#### Dataset records ####
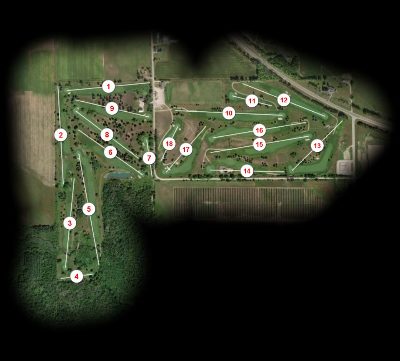 Rogers City Country Club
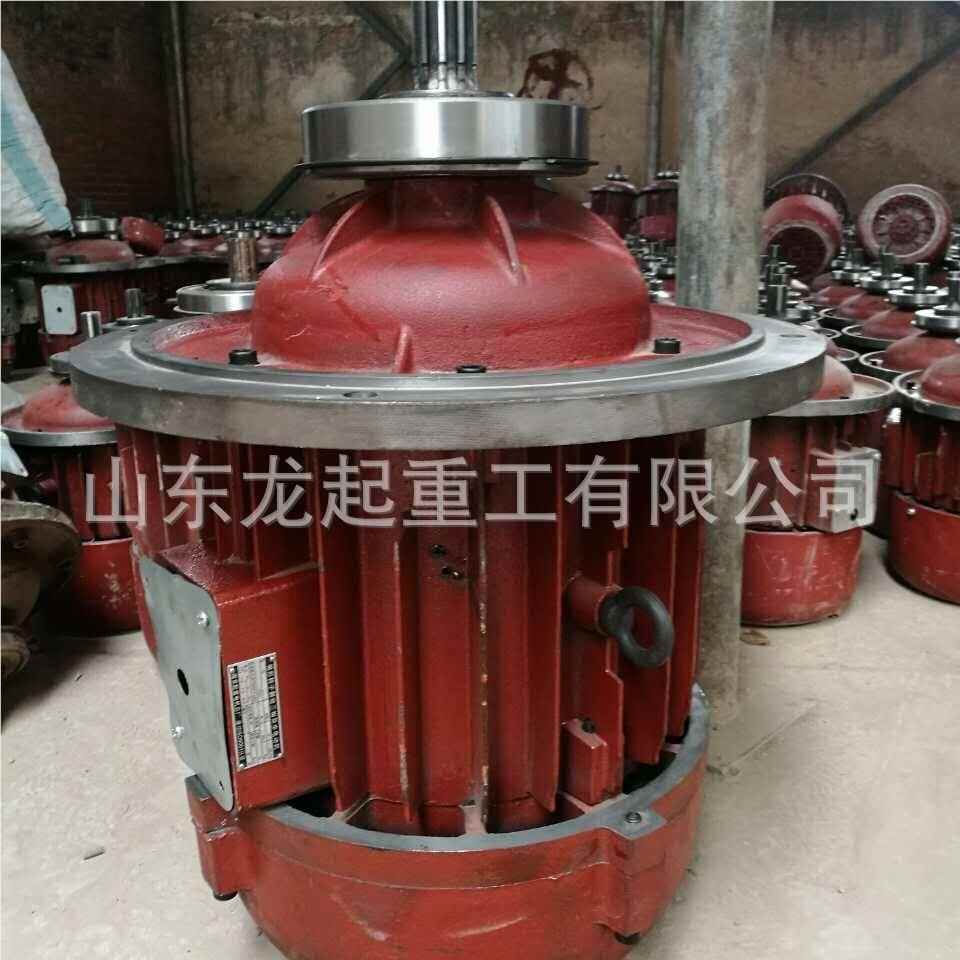 动ZD1--4/.0CTZW锥形转子三异K步电机 锥项形电机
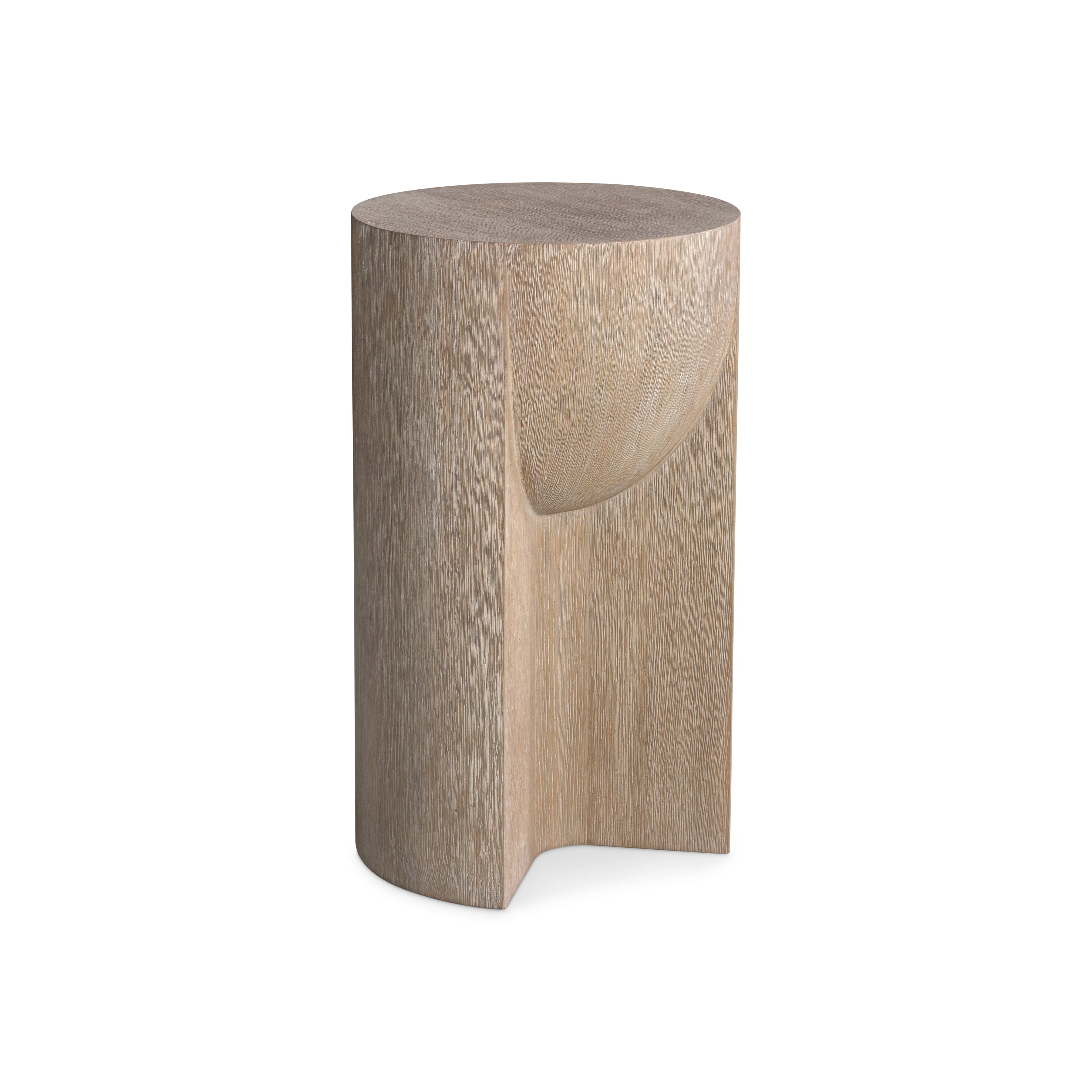 Loggia Side Table - Image 4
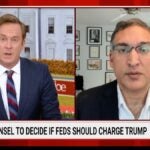 ‘Morning Joe': Former Acting Solicitor General Neal Katyal Expects Trump ‘Will Be Indicted’ By Special Counsel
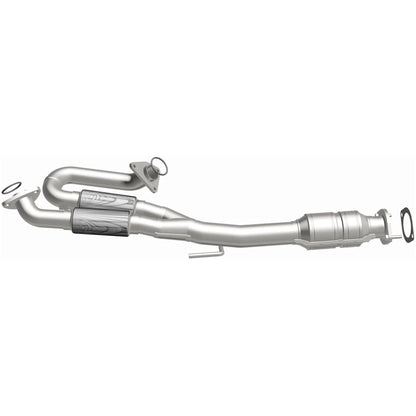 MagnaFlow 2011-2014 Nissan Maxima California Grade CARB Compliant Direct-Fit Catalytic Converter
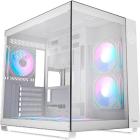

Компьютерный корпус Ocypus Iota C70 WH ARGB, Белый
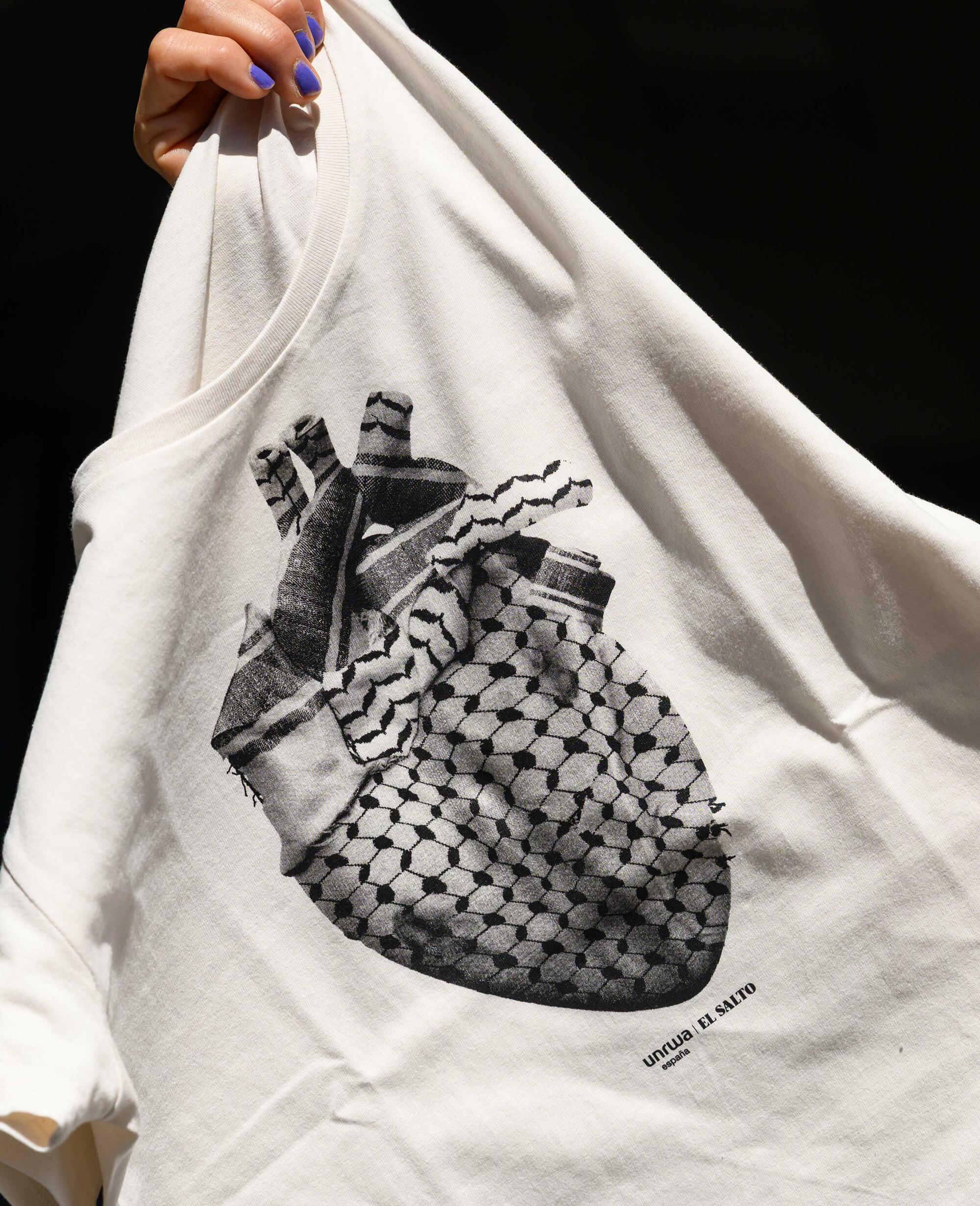 Camisetas Palestina 2025_2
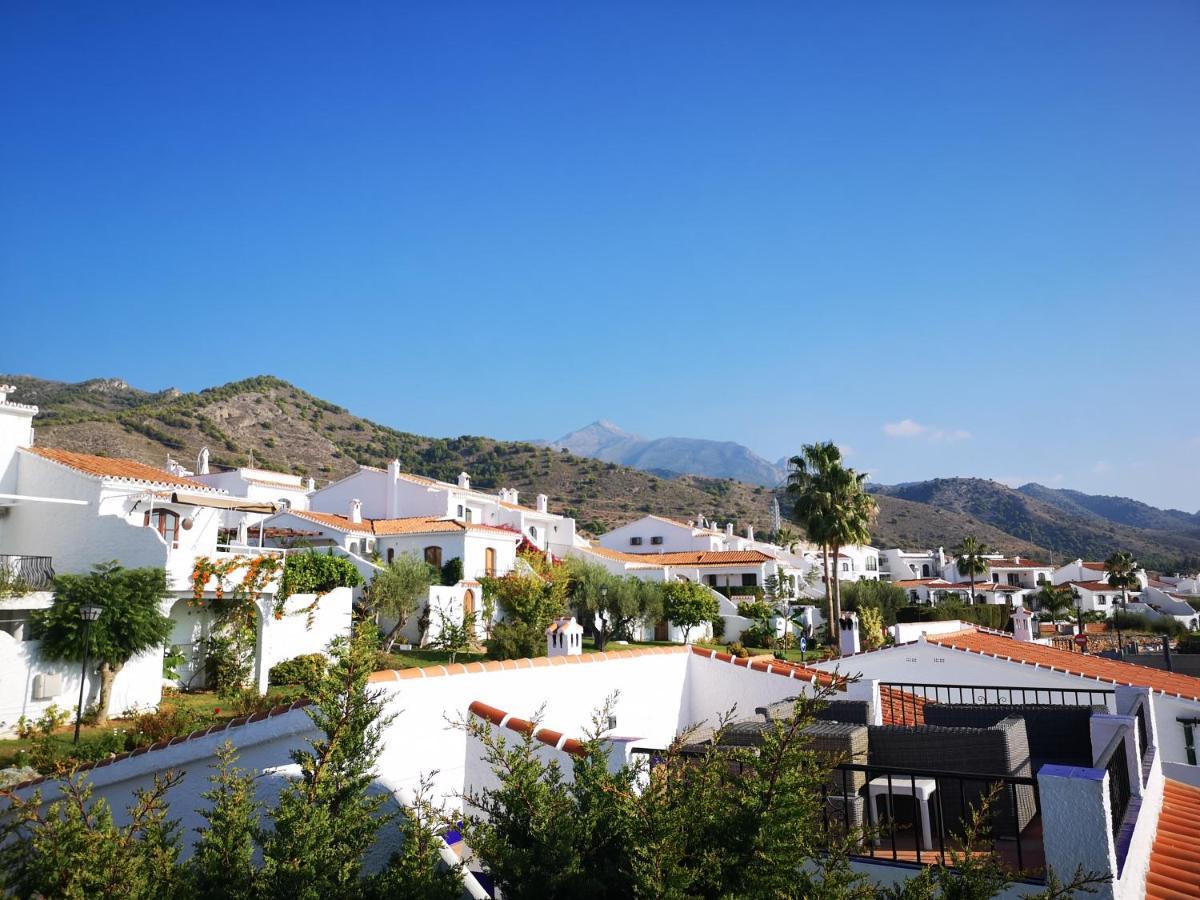 El Capistrano 2* Nerja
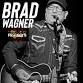 Brad Wagner at Froggy’s Bar event image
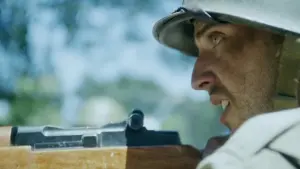 Задник к фильму "Нацистский повелитель" #364704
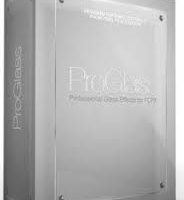 Pixel Film Studios - PROGLASS: Plugin for Final Cut Pro X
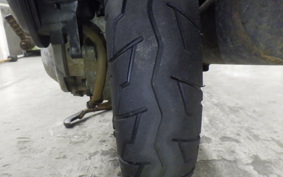 HONDA TODAY 2001 AF61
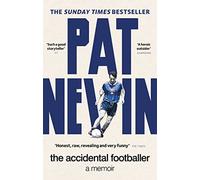 The Accidental Footballer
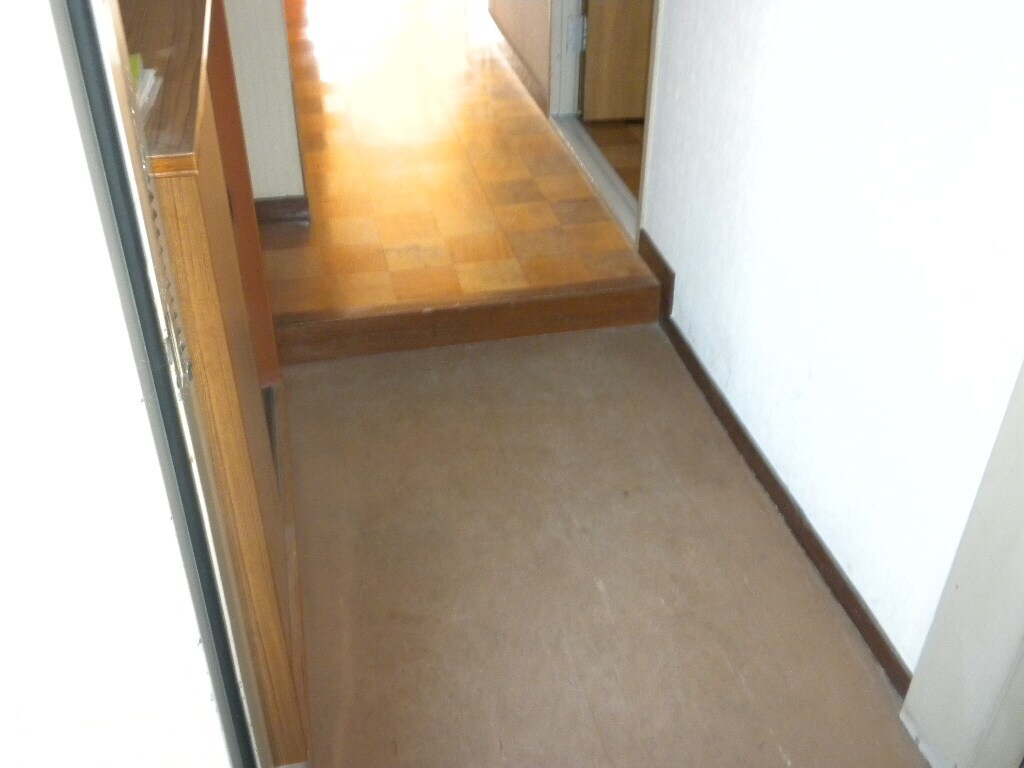 シャルム帯広の物件内観写真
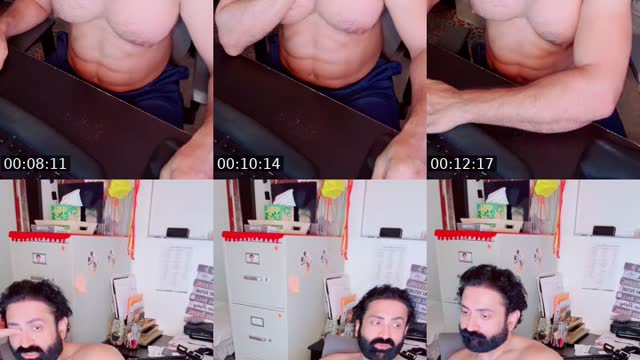 @samorlandoguy TikTok live from 2026-08-12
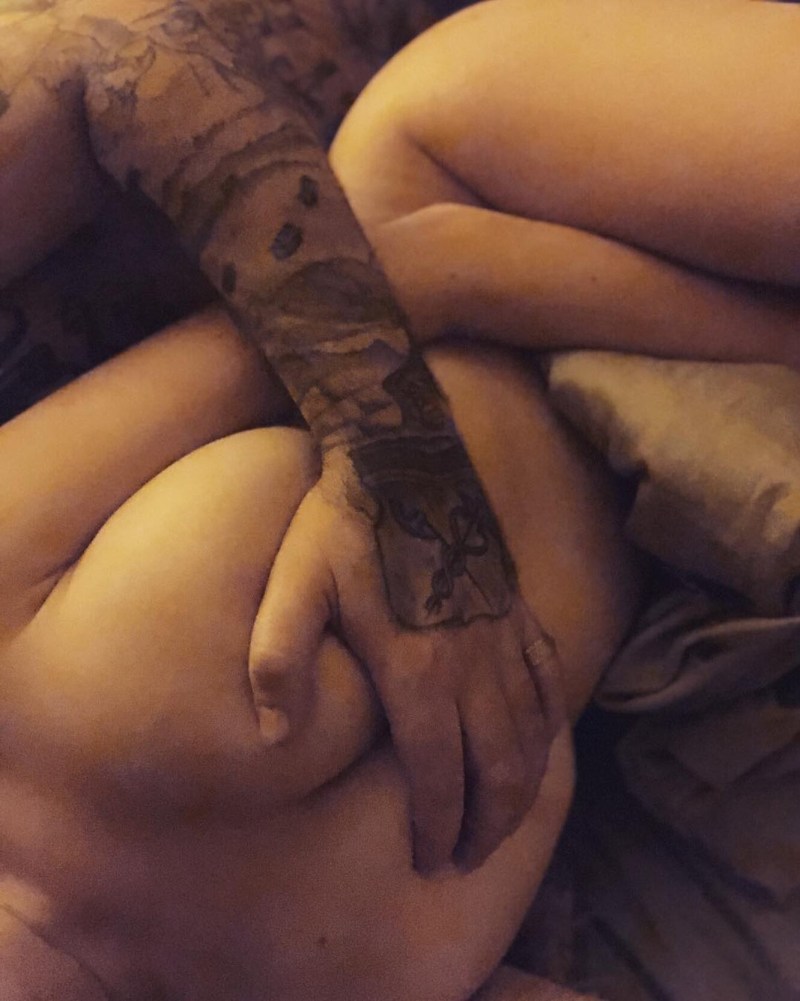 Porn actress from Belgorod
####
» **What you will do**
Word for word, reproduce the material above and omit each image.

» **Exercise response**
 Rogers City Country Club
 动ZD1--4/.0CTZW锥形转子三异K步电机 锥项形电机
 Loggia Side Table - Image 4
 ‘Morning Joe': Former Acting Solicitor General Neal Katyal Expects Trump ‘Will Be Indicted’ By Special Counsel
 MagnaFlow 2011-2014 Nissan Maxima California Grade CARB Compliant Direct-Fit Catalytic Converter

Компьютерный корпус Ocypus Iota C70 WH ARGB, Белый
 Camisetas Palestina 2025_2
 El Capistrano 2* Nerja
 Brad Wagner at Froggy’s Bar event image
 Задник к фильму "Нацистский повелитель" #364704
 Pixel Film Studios - PROGLASS: Plugin for Final Cut Pro X
 HONDA TODAY 2001 AF61
 The Accidental Footballer
 シャルム帯広の物件内観写真
 @samorlandoguy TikTok live from 2026-08-12
 Porn actress from Belgorod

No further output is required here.